Страх — он как свет. Его нельзя потрогать, и сам по себе он не существует. Страх лишь излучается, а вот от чего именно — выбирать тебе. Кто-то боится темноты. Кто-то пауков. А кто-то — обычного школьного портфеля.

— Миша! — мой голос дрожал.

Я набрал другой номер. Митькин. Вернее, его бабушки.

— Миша у Вас? — в обычной ситуации я бы сначала поздоровался, но назвать ее такой язык не поворачивался. — Как нет?

Портфель, на который я смотрел, засмеялся.

— Миша! — закричал я уже в который раз, когда положил трубку.

В ответ лишь тишина — второй источник моего страха. Я оглядел Мишкину комнату. Больше ничего не глумилось надо мной. Разве что немного помятая постель. На столе валялись листки с морзянкой, но это обычное дело. А рядом… Рядом стоял стакан. Его я тоже не заметил, пока искал брата.

Ведь я искал брата, а не этот дурацкий стакан, который, в ту самую секунду, когда я его коснулся, был все еще слегка теплый. Теплый! Из института я вернулся в 17:30. Горячий чай остывает минут за 50. Значит, с Мишей мы разминулись на жалкие десять минут!

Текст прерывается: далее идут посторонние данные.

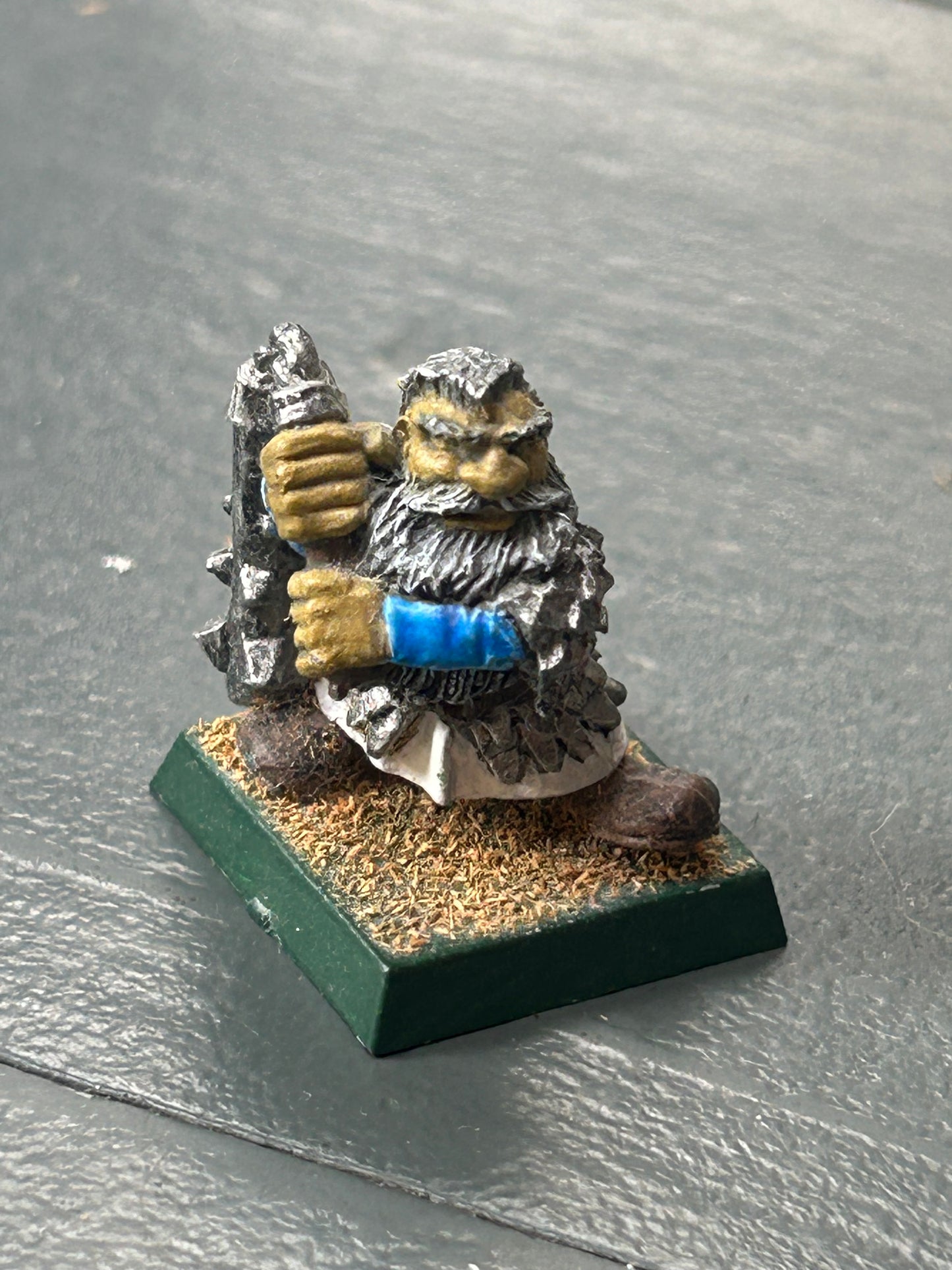 Marauder Dwarf MM10 DW27 Spiked Flail 80s Metal Citadel Dwarfs O408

Столько же у меня ушло, чтобы одеться и выскочить на улицу. Еще за минут пятнадцать я успел обежать весь наш дом — старую пятиэтажку, и несколько соседних. Заглянул в ближайшие магазины. Пусто. Вернее, многолюдно, но Миши среди всех этих чужих лиц видно не было.

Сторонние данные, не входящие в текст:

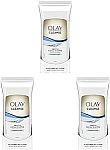 3-Pack 30-Count Olay Wet Cleansing Towelette $5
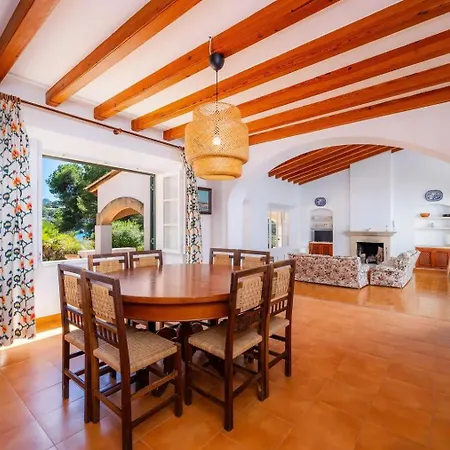 Villa Casa Aladern On The Mhm Font de sa Cala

Я бежал, а когда останавливался, слышал биение сердца. Тогда я начинал идти, но удары не становились тише. Бывало в моей жизни такое, когда случалось сильно испугаться. А потом все налаживалось, проходило, и я думал: «Ну что же ты, балда, зачем?» Хотелось вернуться и не тратить время на пустые волнения. Теперь же, вспоминая эту мудрость, я не мог заставить себя ей следовать. Не мог и все!

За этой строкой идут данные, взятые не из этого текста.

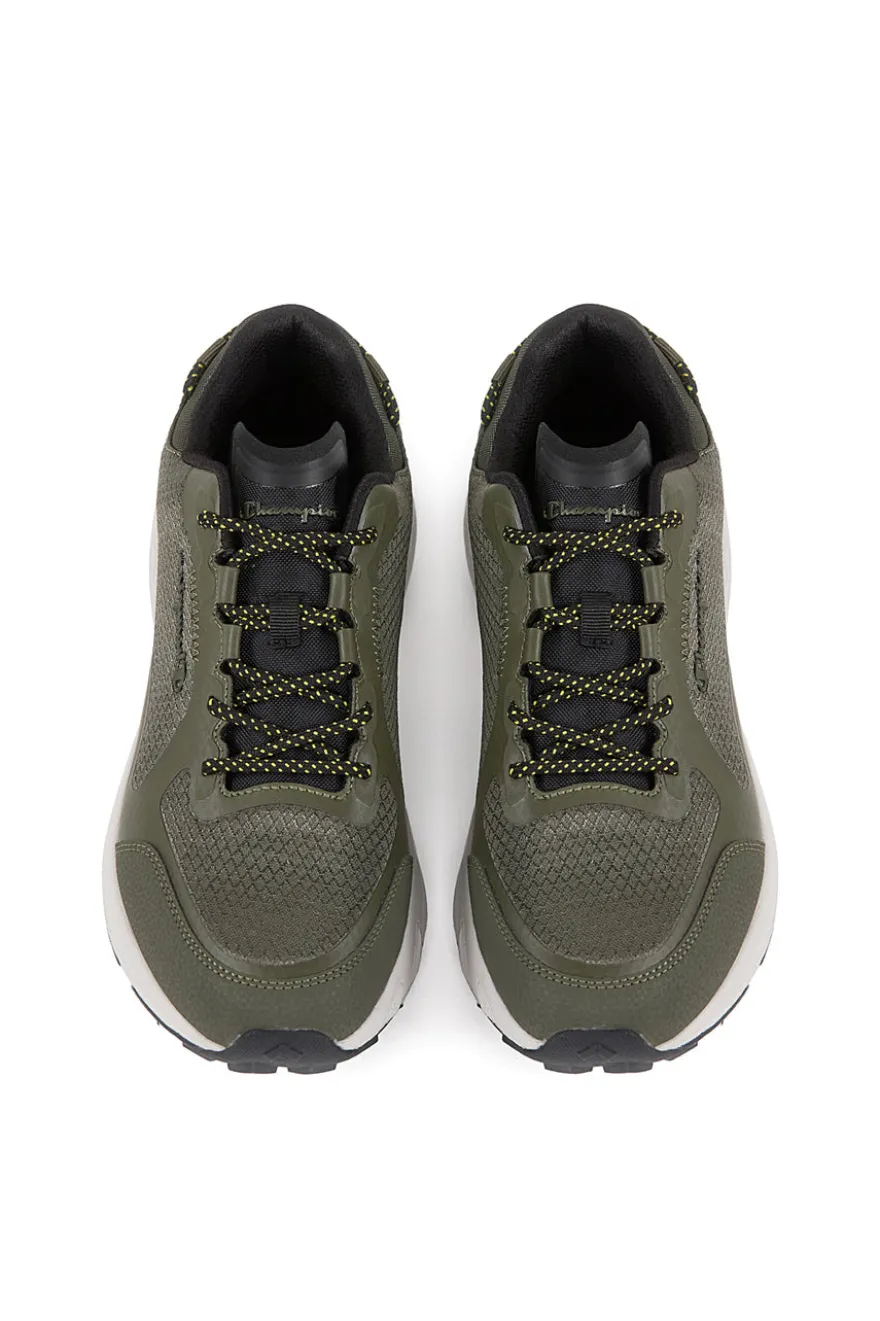 Sneakers Verdi con lacci Champion street trek 3.0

Во дворе, где я в тот момент находился, зажглись фонари.

«Семь вечера!» — завопил я про себя. Почти час я потратил впустую. А дальше… Дальше все как всегда. Полиция, поиски, опросы. Пока патрулировали дворы, поймали парочку закладчиков. Плохие у нас дворы, нехорошие. А как Миша пропал, мне они стали видеться еще мрачнее и зловещее. И как я брата отпускал сюда гулять?

Всю первую ночь я провел на ногах.

— Отдохни, сынок, — советовал мне майор. Как он представлял себе это, я понятия не имел. Но в квартиру я несколько раз поднимался. Взять вещи брата для поисков. И себе для обогрева. Соседи, с которыми я пересекался в подъезде, мне сочувствовали. Кто-то словом, кто-то делом.

— Держись, — подбадривал меня тот, что жил сверху. Даже обнял. Крепко.

А за что держаться-то — не сказал. За надежду? А на что? Что Мишка просто убежал и скоро вернется? Он, конечно, мальчик со странностями. Чудно́й, как говорила мама. Взять хотя бы снова морзянку. Когда Миша научился ее не только воспроизводить, но и улавливать, мы все выдохнули. Прекратились постоянные постукивания. Зато начались те самые странности.

— Собака морзит! — разбудил меня брат посреди ночи. Было это неделю назад.

— Чего? — возмутился я.

Собачий лай нас тогда и вправду доконал. Взялся из ниоткуда, без предупреждения. Спать мешал жутко! И главное — непонятно из какой квартиры. То ли снизу, то ли сверху. Думал, встречу в подъезде кого-нибудь с собакой, так и узна́ю. Но этого не случилось. Обзванивать квартиры я тоже не решился. Мы с соседями в целом не очень общались.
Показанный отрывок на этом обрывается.